Ахматова, как известно, видела в поэзии Бродского свидетельство, что «ниточка поэтической традиции не прервалась», и высоко ценила его произведения[161]. Знакомство с Анной Ахматовой не только сыграло чрезвычайно большую роль в становлении Бродского-поэта, как он сам вспоминал[162], но и было осознано им как встреча с последним великим поэтом — хранителем традиции, прошедшим через муки более страшные, нежели дантовский ад. Изгнание Бродского, почти достигшего к этому времени возраста Данте — героя «Божественной комедии», проецируется им на судьбу великого флорентийца и включается в общий контекст с поэзией зрелого Пушкина (Пушкин стал автором «Сонета» и подражаний Данте, также перейдя тридцатилетний рубеж) и Анны Ахматовой. Изгнание предстает в поэзии Бродского переходом в иной мир, жизнью после смерти, ассоциируется с путешествием героя и автора «Божественной комедии» в потустороннюю реальность. События собственной жизни Бродский вплетает в ткань судьбы Данте и великих русских поэтов. Реминисценции из поэзии Данте, Пушкина, Анны Ахматовой образуют единый, целостный пласт в творчестве Бродского. Итак, казалось, «случайные» и даже полупародийные реминисценции из Пушкина и Данте в «Двадцати сонетах <…>» таят в себе глубокий смысл.
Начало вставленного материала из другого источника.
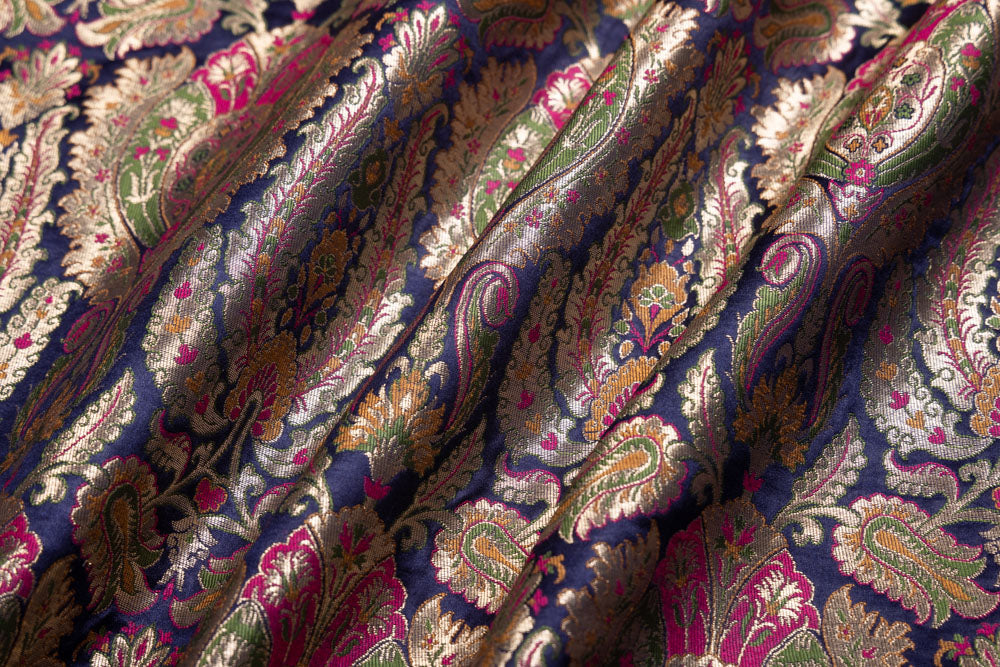 Midnight Blue Handwoven Banarasi Brocade Fabric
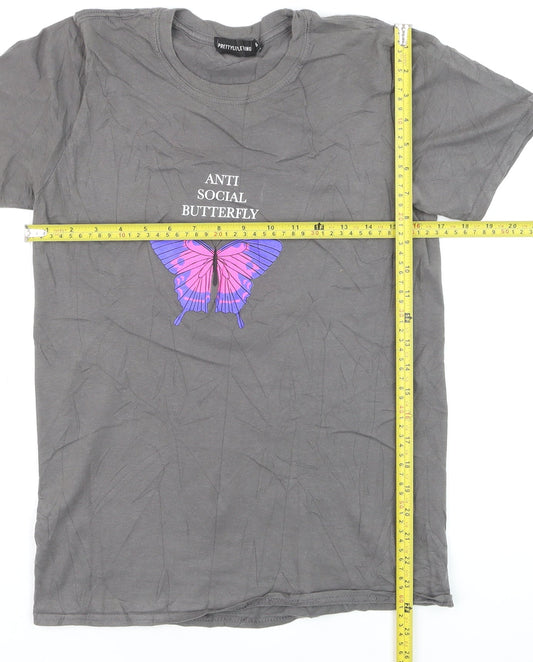 PrettyLittleThing Women's Grey 'Anti Social Butterfly' Cotton T-Shirt XS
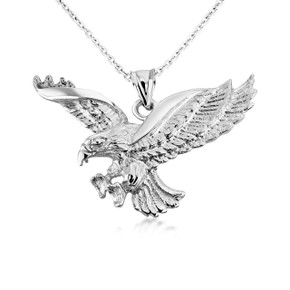 .925 Sterling Silver Flying American Eagle Pendant Necklace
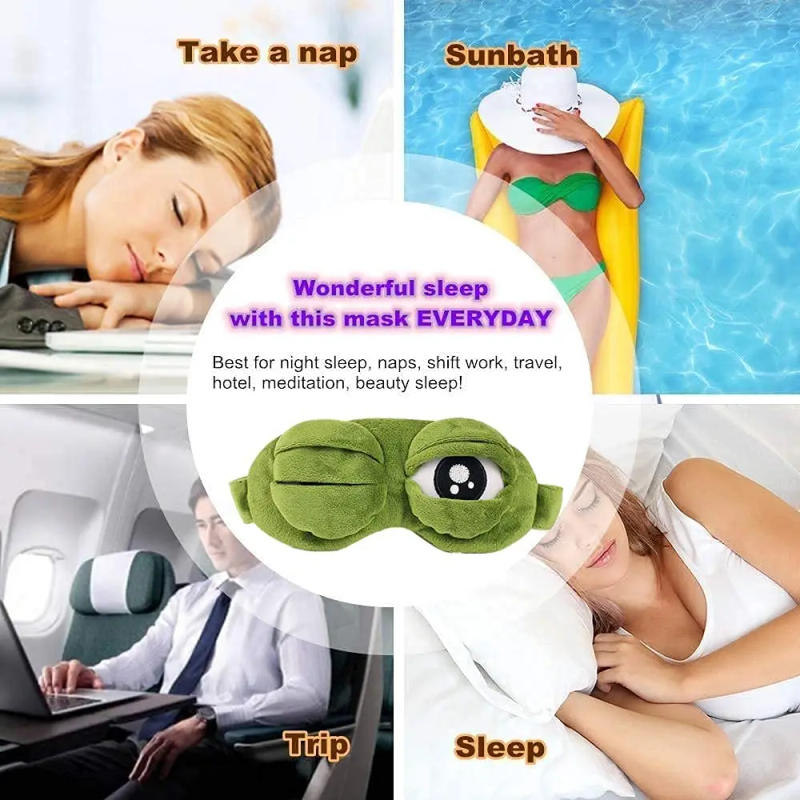 Description Picture 4 of item3D Sad Frog Sleep Mask Natural Sleeping Eyeshade Cover Shade Eye Patch For Travel Office Room Relieve Stress Anxiety Gift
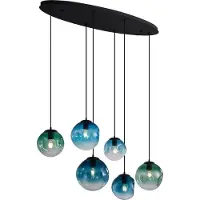 QAZQA Art Deco Pendellampa Svart med Oval Takplatta och Grönt och Blått Glas 6-ljus - Douglass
Бродский переиначивает лейтмотив «Божественной комедии»: встречу героя-автора с его хранительницей и «путеводительницей», с любимой им Беатриче. Лирический герой Бродского «встречает» в Люксембургском саду не оставленную на родине М. Б. и не Марию Стюарт, но статую шотландской королевы. Антитеза «статуя — человек» у Бродского восходит, по-видимому, к Пушкину — автору «Каменного гостя», «Медного Всадника» и других произведений[163]. В поэзии Бродского этот мотив приобретает новый смысл: не «статуя», некая внешняя сила разрушает счастье лирического героя; сама его возлюбленная как бы превращается в бездушный камень.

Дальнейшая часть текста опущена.